29 March 2018 | Local News

Economists, employment advocates and unions agree that the sky-high youth unemployment rate, coupled with scant political will to deal with it, poses a grave threat to the country.

“Youth unemployment is a powder keg, and if there are no serious efforts to tame the current high rate of youth unemployment in Namibia, the system could implode”, professor of economics Omu Kakujaha-Matundu warned this week.

He further argued that despite the odds stacked against the economy, available resources are not pumped into diffusing high unemployment rates in Namibia.”

Kakujaha-Matundu warned that unemployment is “the most serious thorn in the Namibian economy's flesh.”

According to the National Statistics Agency (NSA), broad unemployment stands at 34%, with youth unemployment estimated at 37.8%.

The Namibia Labour Force Survey 2016 found 246 262 youths are jobless in Namibia.

Job losses in the past year have reached the thousands, Kakujaha-Matundu said.

He added that economic growth is characterised as growth without employment, with “the current fiscal consolidation by government” having exacerbated the situation.
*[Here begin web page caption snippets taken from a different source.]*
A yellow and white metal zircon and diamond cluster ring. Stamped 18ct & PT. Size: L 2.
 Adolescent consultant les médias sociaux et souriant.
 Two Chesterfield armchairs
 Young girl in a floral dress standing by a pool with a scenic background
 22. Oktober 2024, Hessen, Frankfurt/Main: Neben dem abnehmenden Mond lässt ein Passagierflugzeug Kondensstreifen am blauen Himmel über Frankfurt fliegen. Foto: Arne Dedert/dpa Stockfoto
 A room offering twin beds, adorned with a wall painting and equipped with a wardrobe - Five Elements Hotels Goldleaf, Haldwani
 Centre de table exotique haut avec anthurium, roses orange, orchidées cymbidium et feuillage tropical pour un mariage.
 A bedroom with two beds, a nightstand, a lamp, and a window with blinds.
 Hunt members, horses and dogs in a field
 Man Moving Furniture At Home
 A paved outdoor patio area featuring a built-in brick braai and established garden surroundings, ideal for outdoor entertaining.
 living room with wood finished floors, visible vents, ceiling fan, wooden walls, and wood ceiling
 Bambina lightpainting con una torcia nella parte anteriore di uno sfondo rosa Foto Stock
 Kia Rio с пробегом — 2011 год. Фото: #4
Tackling the issue will require going for the “low-hanging fruits” first. First stop is to curb corruption, allowing available resources to be “put to sustainable and job creating projects.”



Low marks for education

In addition to a number of urgent, and short-term strategies, Kakujaha-Matundu emphasised that the long-term solution, “which should have begun yesterday, is to pay serious attention to our education system”.

Ignoring the urgent need to overhaul and improve the quality of education, will cost Namibia dearly.

Tim Parkhouse of the Namibia Employment Federation (NEF) characterised youth unemployment across Africa as a crisis, and in Namibia, “a major concern”.

He explained that unlike other countries on the continent, where a complete lack of education is a major contributor to youth unemployment, the heart of the issue in Namibia can be attributed in part to low education standards.

“The quality of basic education in Namibia is sadly seriously lacking and without the basics, personal development in any direction is limited.”

Parkhouse noted that around 30 000 youth enter the job market annually, so tackling the annual steep bump in employment seekers needs to be addressed”.

In terms of successes, Parkhouse said the launch this week of a formal apprenticeship programme, a joint initiative by the NEF and the Namibia Training Authority (NTA), is a milestone for the employment sector.

Joining together to solve the problem

Trade Union Congress of Namibia (Tucna) secretary-general Mahongora Kavihuha told Namibian Sun a number of deep systematic flaws constrains job creation, especially for the youth.

He told Namibian Sun there is “no deliberate strategy or interventions” aimed at boosting jobs for young people.

He added vocational training programmes do not take into account the consequences of “oversupplying the market with VTC graduates”.

And there, he noted, the problem is a lack of basic social protections.

“We have seen informal sector growth, and we cannot allow these citizens to live without social protections.”

Another concern raised by the union is a lack of structured social dialogue between government, private actors and labour movements.

“Social dialogue in Namibia is on its knees.”He accused Namibia's government of a profound lack of political will. In addition, few companies recognise the importance of engaging with unions.

“We should be working together, but that is not happening.”

“In reality, government does not engage. That is why we need a proper structure, where parties can engage on issues that affect workers and the country.”

He warned the issue of job creation, and poverty alleviation, are closely linked to the interest of trade unions, namely job conditions and job security, social protections, living wages and the use of public funds ending up in private hands.